16. In submission, Mr. Enonda submitted that the applicant had proved that she was a wife to the deceased and that the properties in question were acquired during the subsistence of the marriage.  He further stated that there was enough proof that the applicant had made both direct and indirect contribution.  Counsel referred the court to the case of Njoroge vs Daudi alias Ngari (1985) eKLR where the court declared that the property acquired during the subsistence of the couple’s marriage was joint property available for equal distribution despite being registered in the husband’s name.  Further reference was made to the case of MWG vs TKG (2016) eKLR where the court recognized non monetary contribution of a wife to entitle her to half share of the matrimonial property.  Similar position was replicated in the case of M vs M (2008) IKLR 2017 (G and F), and JW Vs CWM (2017) eKLR Civil Case (OS) 4 of 2016.

Respondent’s Submissions

17. In their submission, the firm of Njenga Mbugua appearing for the respondent reiterated the testimony of the respondent.  They submitted that property No. 36/914/1, Eastleigh was solely acquired by the respondent as proved from payment receipts.  He further asserted that a loan taken using the same house as security to pay school fees for children then studying abroad and private schools is  attributable to and recoverable from both parties.  Counsel submitted that the property should be sold and the proceeds to pay the outstanding loan arrears due to Barclays bank and the balance shared out equally.  To support their proposition, counsel relied on Article 45 of the Constitution which provides that:

“parties to a marriage are entitled to equal rights at the time of the marriage, during the marriage and at the dissolution of the marriage”.

18. With regard to Brite International, counsel submitted that the company was incorporated the year 2000 with Lucy the respondent’s wife now deceased as co-director.  He contended that that company was incorporated after divorce of the parties hence not available for distribution

Analysis and Determination

19.  I have carefully considered the originating summons herein, supporting affidavit, replying affidavit, materials filed before the court, testimony by both parties and rival submissions by their counsels.  Issues that crystallized out for determination are:

(a) Whether the property in question was acquired during the subsistence of their marriage? If so;

(b)    Whether the property was acquired through the applicant’s and respondent’s joint effort;

(c) Whether each party is entitled to half share and if not, to what extent.
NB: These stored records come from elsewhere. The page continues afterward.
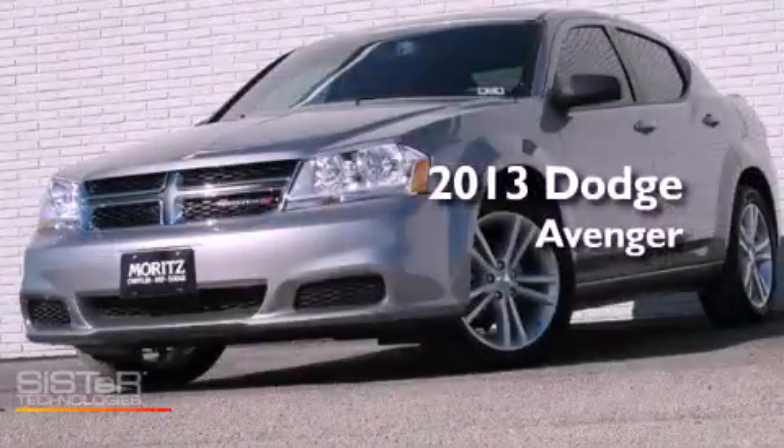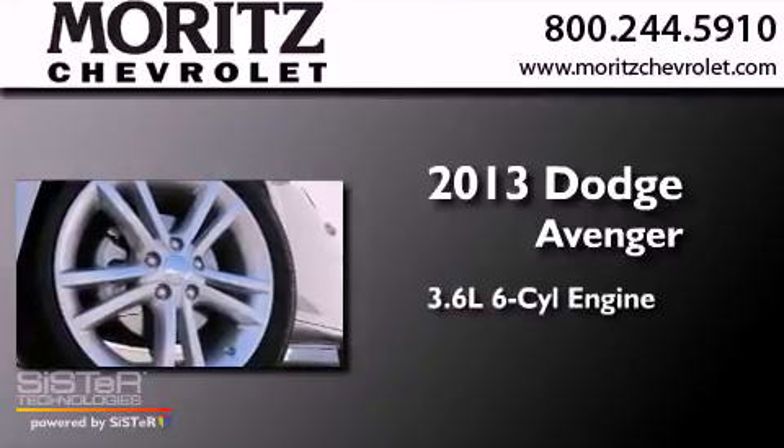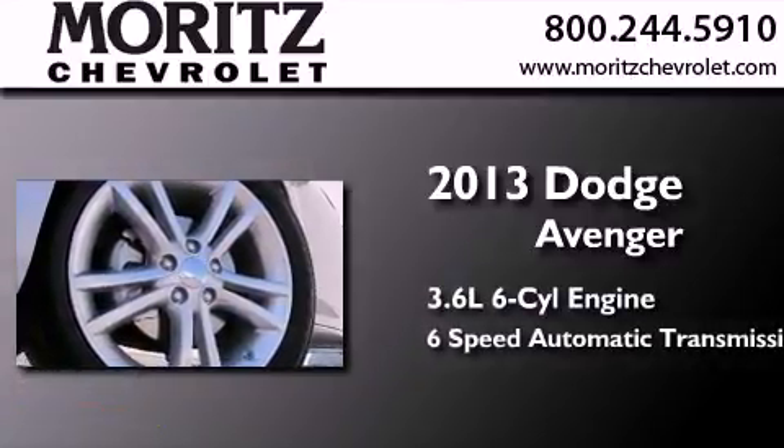This is a brand new 2013 Dodge Avenger. It has a 3.6-liter six-cylinder engine and a six-speed automatic transmission.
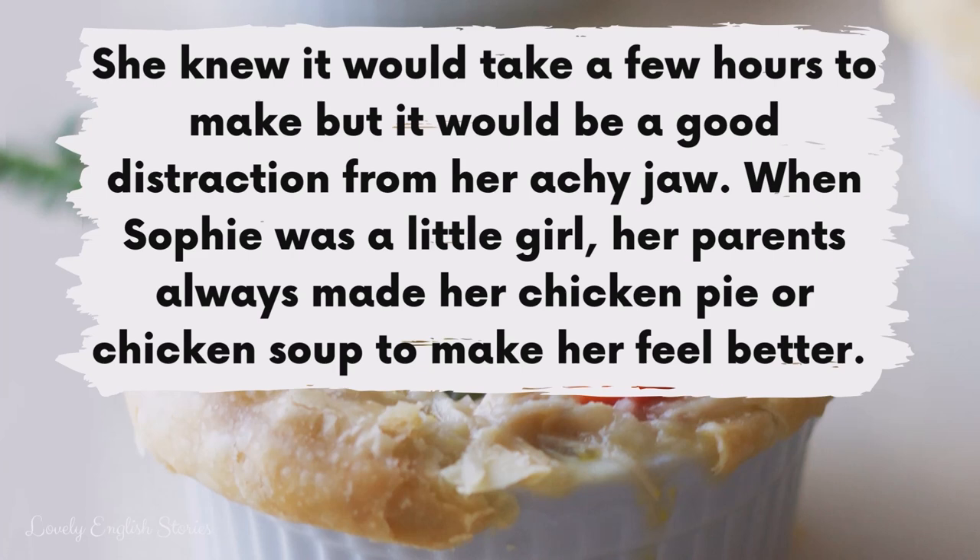She knew it would take a few hours to make but it would be a good distraction from her achy jaw. When Sophie was a little girl, her parents always made her chicken pie or chicken soup to make her feel better.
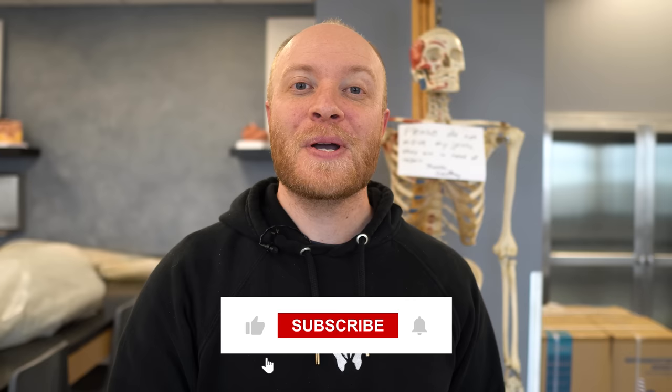Thanks for watching everybody. All the resources used to make this video are linked in the description below, including an incredible paper from Lawrence Schwartz that this video was heavily inspired from. Be sure to click the link to start your Athletic Greens journey, check out our sister company Ava for anatomical art, and as always, like, comment, and subscribe if you feel so inclined.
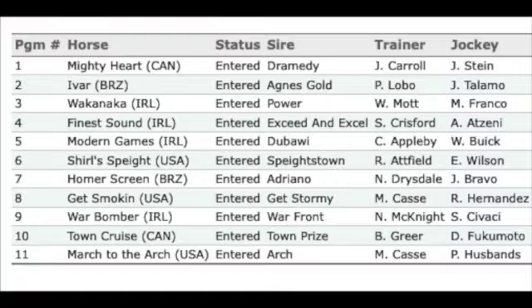Number one, Mighty Heart, can impact the pace in here, but I'm concerned about the footing. He's 0 for three on turf, 0 for two on turf at Woodbine. Last time out in a turf stakes race at a mile and a quarter at Woodbine, he was fifth beaten a length and three-quarters. He's done his best work on all-weather ground in route races, and he's usually up on the pace when he does that good work.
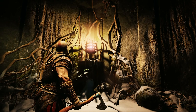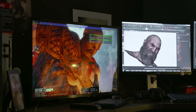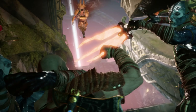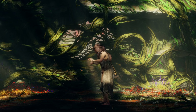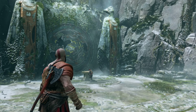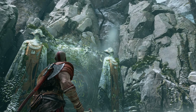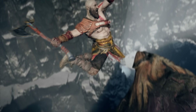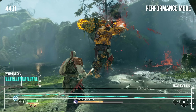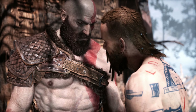God of War returns with a fresh vision for the series along with brand new technology powering it. This is a series that has always been known for pushing the technological envelope, and this new game is no exception. And like many of the best first-party titles, it's evident that Santa Monica Studio has been given the time, talent, and budget necessary to fully realize its ambitious vision. God of War elevates real-time visuals to new heights while pushing the PlayStation 4 hardware to its absolute limits.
20.  Both parties have made great effort in trying to convince the court on how each property was acquired and through whose effort.  I will direct my mind to each property separately to assess when it was acquired and through whose effort.  The suit herein was filed sometime on 14th December 2004 much earlier before the Matrimonial Property Act 2013 was enacted.  It then follows that the law applicable is Section 17 of the Married Women’s Property Act 1882 which provides that:

“In any question as to between a husband and wife as to the title to or possession of property, either party may apply by summons or otherwise in a summary way to any Judge of the High Court of justice and the Judge ………may make such order with respect to the property in dispute and the costs of …….consequent on the application as he thinks fit”.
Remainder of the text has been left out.